Tooth & Nail The Fragrant Snare 2015
Tooth & Nail Winery is a grower driven Central Coast winery showcasing bold fruit from estate farmed vineyards in Paso Robles and Santa Maria. Their wine style highlights big, aggressive, unconventional blends, each uniquely labelled with original John James Audubon prints depicting the struggle to survive. These are blended wines; bold, unconventional and unapologetic. Tooth & Nail red blends coat the glass with squid ink-ish, racy acidity, thick rich texture, and pulsing fruit. The white blends are lush, resinous, balanced and clean, leaving you empowered and smacking your lips.
A lesser-known but elite AVA within the larger Santa Barbara district, the Santa Maria Valley AVA runs precisely west to east starting near the coast. The valley funnels cool, Pacific Ocean air to the vineyards more inland, allowing grapes a longer hang time to ripen evenly and achieve their full potential by harvest time. Combined with minimal rainfall, consistent warm sunshine, and well-drained soils, it is an ideal environment for grape growing.
Many of the wineries here are small and highly respected, having established a reputation in the 1970s and 80s for producing excellent Pinot Noir and Chardonnay. More recently, Syrah has also proven quite successful in the region. Many vineyards are owned by growers who sell their grapes to other wineries, so it is common to see the same vineyard name on bottlings from different wineries. Bien Nacido Vineyard is perhaps the best-known and most prestigious.
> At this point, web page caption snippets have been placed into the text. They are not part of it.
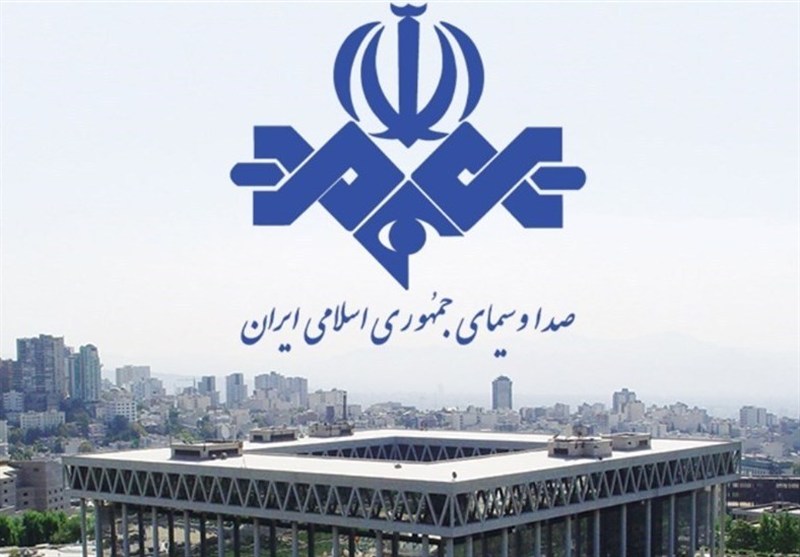 رسانه ملی؛ سنگر جنگ روایت‌ها، نه سیبل تسویه‌حساب‌های سیاسی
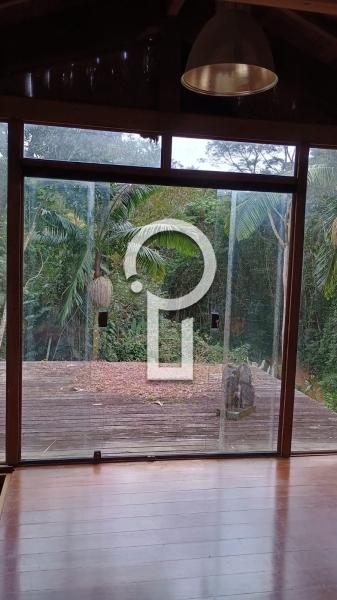 Casa à venda em Itaipava, Petrópolis - RJ - Foto 7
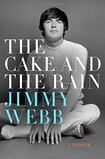 The Cake And The Rain, A Memoir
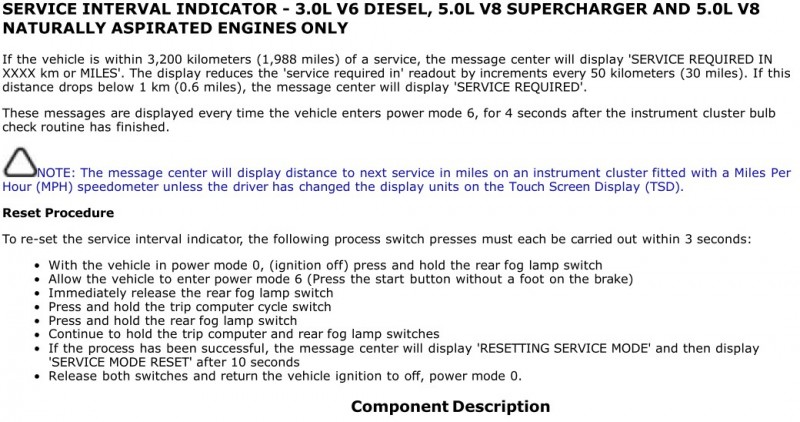Reset_XF-30_diesel.jpg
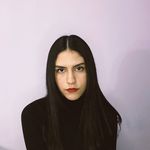 mich - @michelle.elizondo - Instagram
With hundreds of white grape varieties to choose from, winemakers have the freedom to create a virtually endless assortment of blended wines. In many European regions, strict laws are in place determining the set of varieties that may be used, but in the New World, experimentation is permitted and encouraged. Blending can be utilized to enhance balance or create complexity, lending different layers of flavors and aromas. For example, a variety that creates a soft and full-bodied wine would do well combined with one that is more fragrant and naturally high in acidity. Sometimes small amounts of a particular variety are added to boost color or aromatics. Blending can take place before or after fermentation, with the latter, more popular option giving more control to the winemaker over the final qualities of the wine.